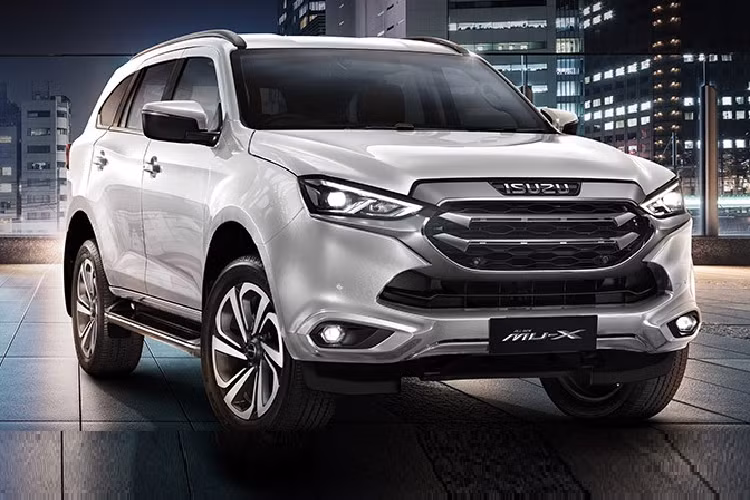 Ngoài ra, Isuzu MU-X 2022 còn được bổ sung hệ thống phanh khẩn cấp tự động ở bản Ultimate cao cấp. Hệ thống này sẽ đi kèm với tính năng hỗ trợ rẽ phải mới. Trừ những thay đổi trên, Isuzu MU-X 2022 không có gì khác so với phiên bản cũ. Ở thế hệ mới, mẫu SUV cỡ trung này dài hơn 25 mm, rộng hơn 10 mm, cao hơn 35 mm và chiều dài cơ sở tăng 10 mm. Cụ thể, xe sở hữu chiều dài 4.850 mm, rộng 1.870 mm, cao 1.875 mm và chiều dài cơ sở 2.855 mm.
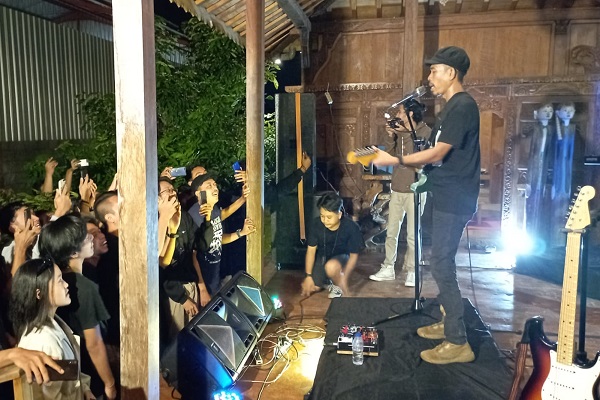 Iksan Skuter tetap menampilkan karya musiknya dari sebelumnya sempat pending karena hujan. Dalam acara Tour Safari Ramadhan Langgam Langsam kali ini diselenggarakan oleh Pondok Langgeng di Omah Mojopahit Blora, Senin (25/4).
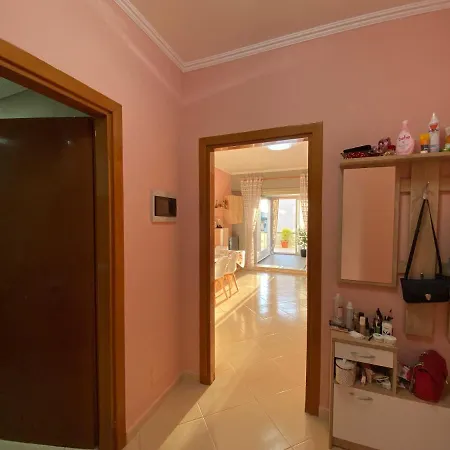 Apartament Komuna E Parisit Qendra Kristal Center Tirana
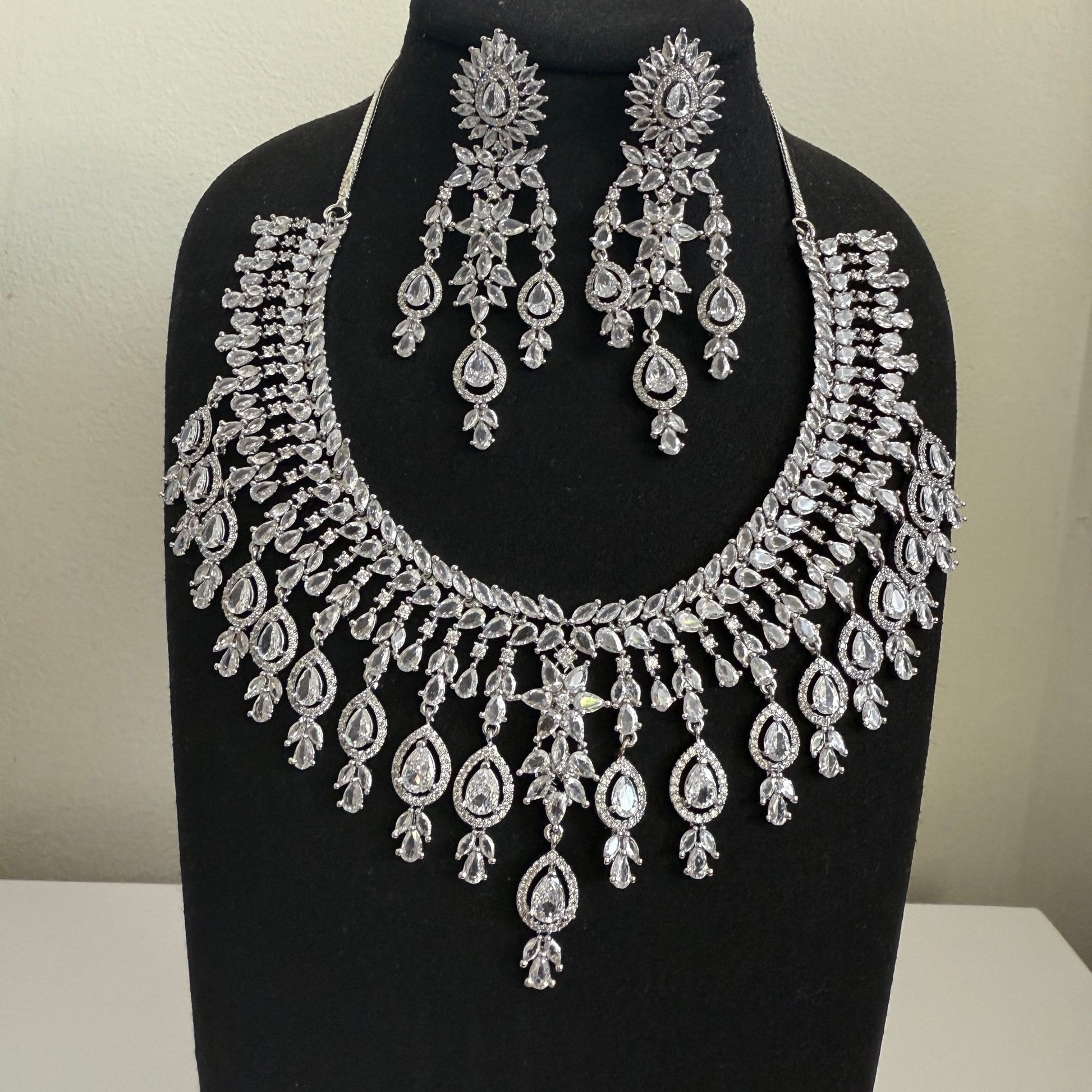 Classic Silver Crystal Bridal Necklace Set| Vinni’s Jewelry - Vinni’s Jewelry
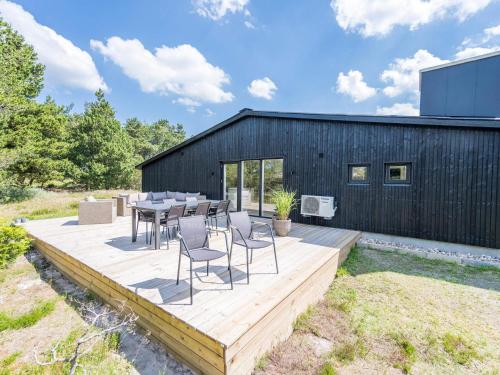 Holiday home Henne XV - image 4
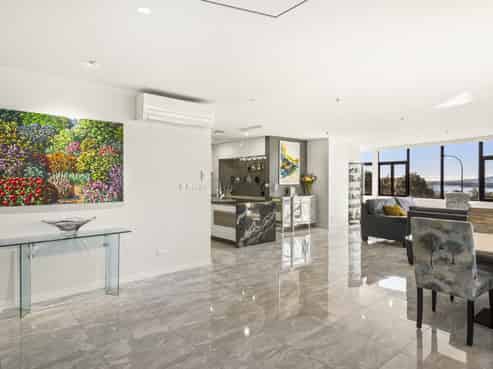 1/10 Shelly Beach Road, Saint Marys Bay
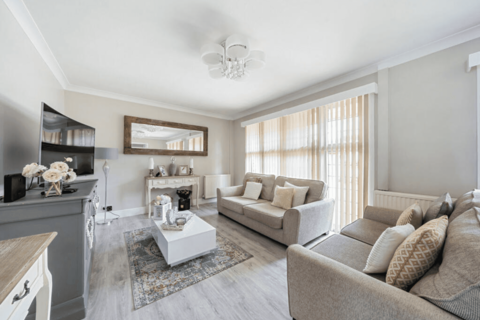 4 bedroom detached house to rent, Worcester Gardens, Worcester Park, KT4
—————
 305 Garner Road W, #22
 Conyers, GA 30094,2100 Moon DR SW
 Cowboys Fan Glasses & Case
—————
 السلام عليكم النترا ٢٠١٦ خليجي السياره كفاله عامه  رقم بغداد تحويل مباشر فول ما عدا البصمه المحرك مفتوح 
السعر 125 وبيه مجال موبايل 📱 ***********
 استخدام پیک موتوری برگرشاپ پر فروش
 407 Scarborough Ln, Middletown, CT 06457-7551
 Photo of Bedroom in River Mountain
—————
Nothing but the lines above from the one that has "Classic Silver Crystal" down to the one that has "4 bedroom detached" belongs in the answer, copied exactly, without pictures.

(Result of the task):
 Classic Silver Crystal Bridal Necklace Set| Vinni’s Jewelry - Vinni’s Jewelry
 Holiday home Henne XV - image 4
 1/10 Shelly Beach Road, Saint Marys Bay
 4 bedroom detached house to rent, Worcester Gardens, Worcester Park, KT4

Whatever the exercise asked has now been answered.